Exercise instructions: Exact reproduction is required for the lines below starting at the line with "Modigliani Kunstboek, Boeken, Kunst" and ending at the line with "Участок в Крым, Ялта", both included. No other lines, and no pictures.

Data to use:

[Start of Attachment]

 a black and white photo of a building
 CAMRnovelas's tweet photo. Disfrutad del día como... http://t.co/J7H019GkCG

[End of Attachment]
[Start of Attachment]

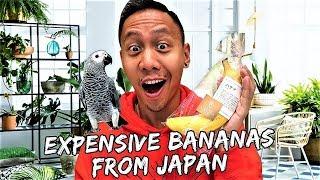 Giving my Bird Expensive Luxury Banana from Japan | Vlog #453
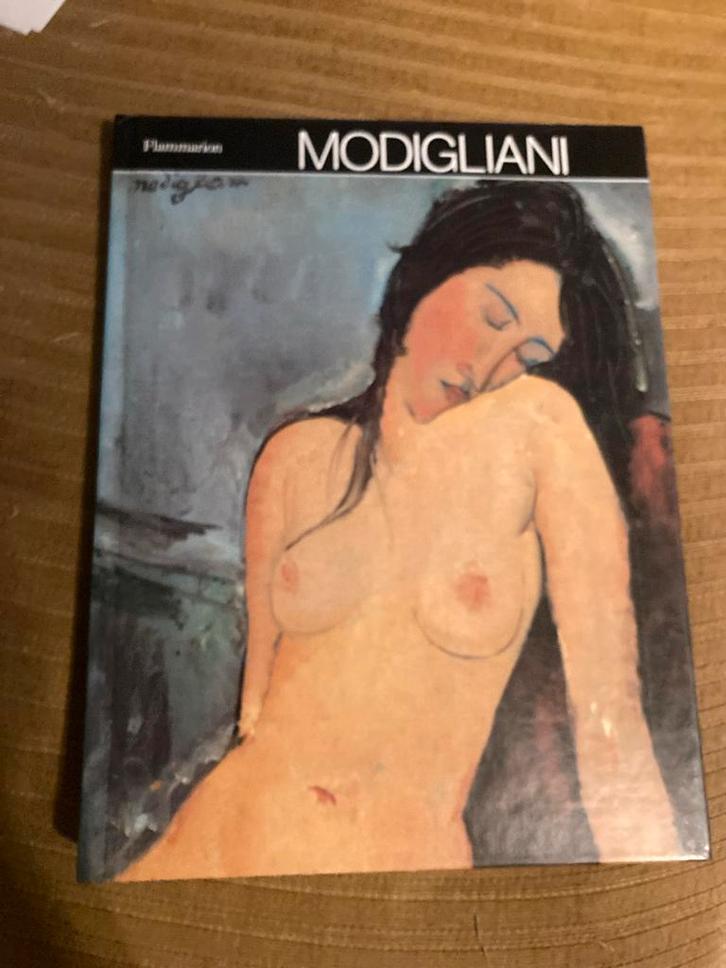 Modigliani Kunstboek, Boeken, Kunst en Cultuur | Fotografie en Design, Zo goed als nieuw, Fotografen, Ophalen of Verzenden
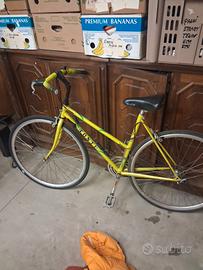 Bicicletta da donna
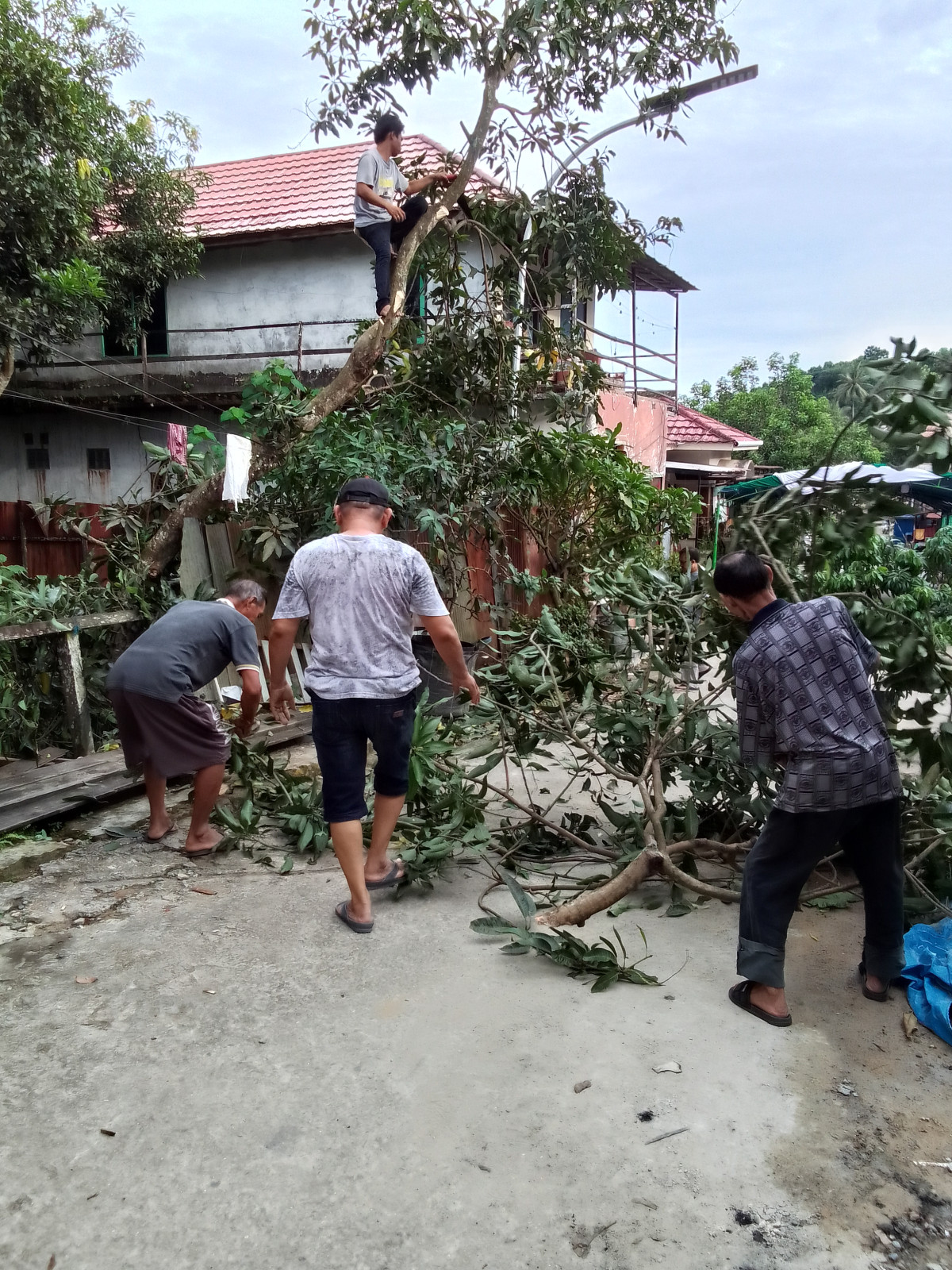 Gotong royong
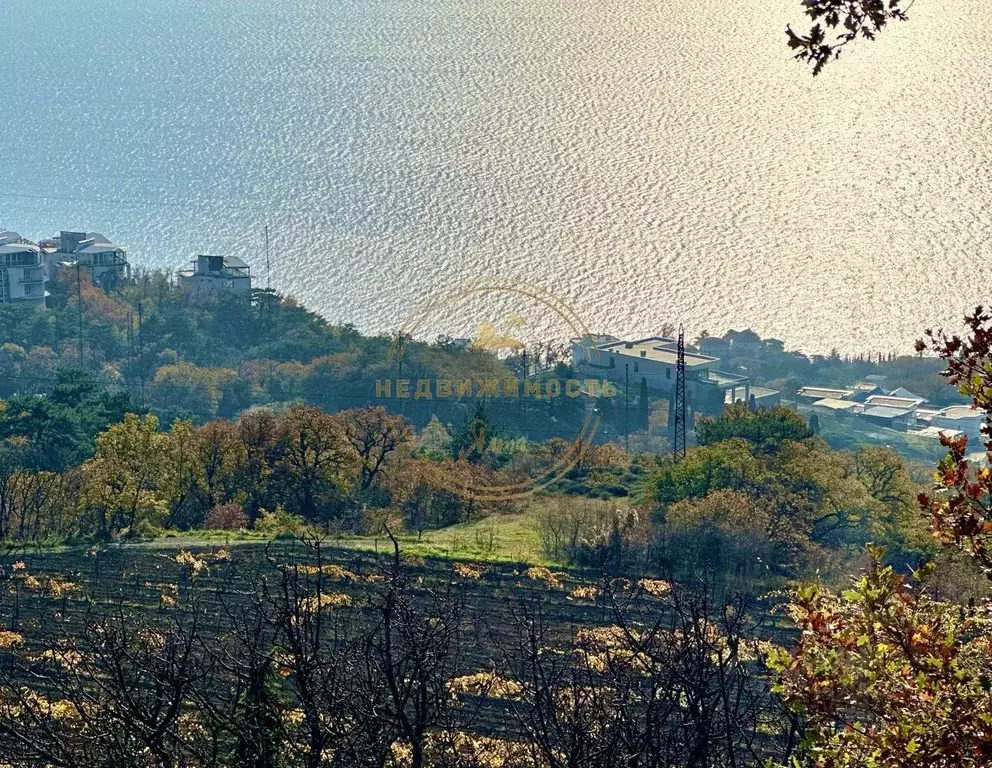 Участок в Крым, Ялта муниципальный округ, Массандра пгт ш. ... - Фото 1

[End of Attachment]
[Start of Attachment]

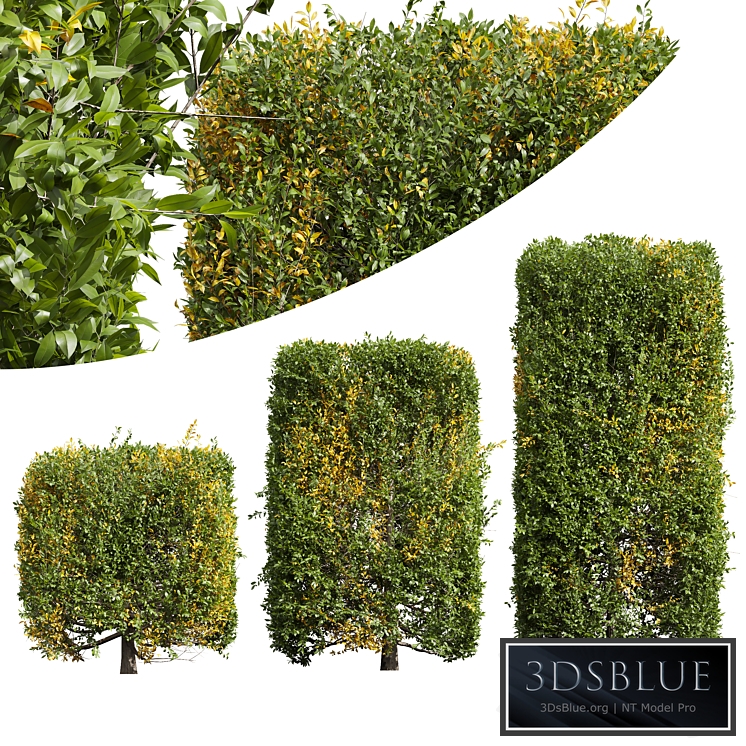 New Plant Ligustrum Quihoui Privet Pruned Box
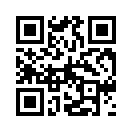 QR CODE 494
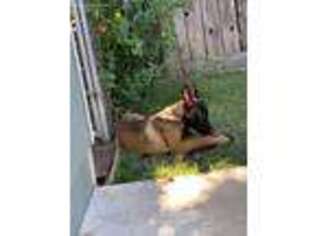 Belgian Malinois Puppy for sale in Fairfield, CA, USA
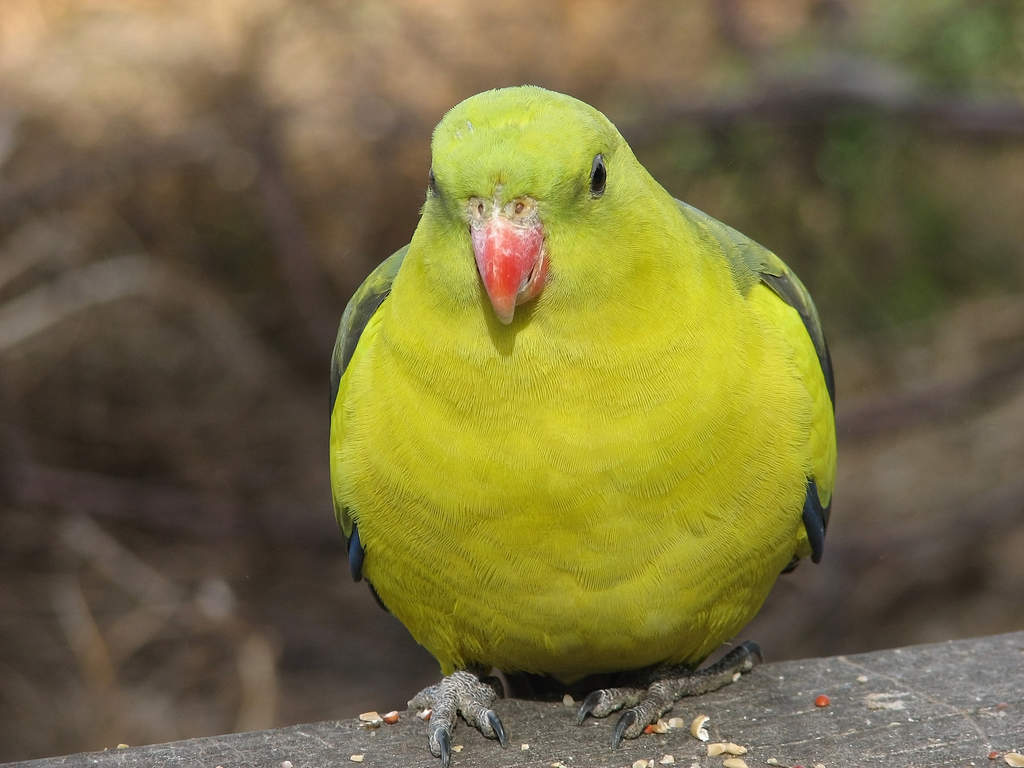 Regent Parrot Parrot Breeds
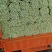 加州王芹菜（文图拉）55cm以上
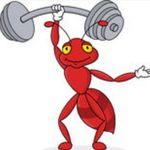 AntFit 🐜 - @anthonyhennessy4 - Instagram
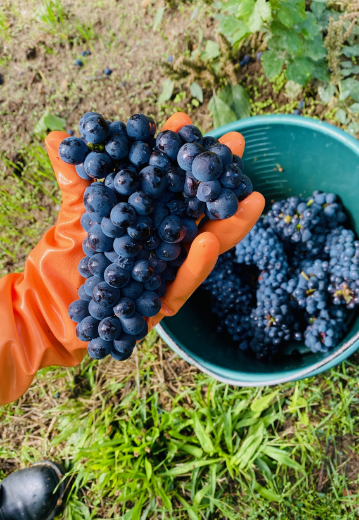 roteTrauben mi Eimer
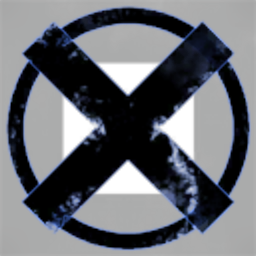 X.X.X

[End of Attachment]

Completed exercise:
 Modigliani Kunstboek, Boeken, Kunst en Cultuur | Fotografie en Design, Zo goed als nieuw, Fotografen, Ophalen of Verzenden
 Bicicletta da donna
 Gotong royong
 Участок в Крым, Ялта муниципальный округ, Массандра пгт ш. ... - Фото 1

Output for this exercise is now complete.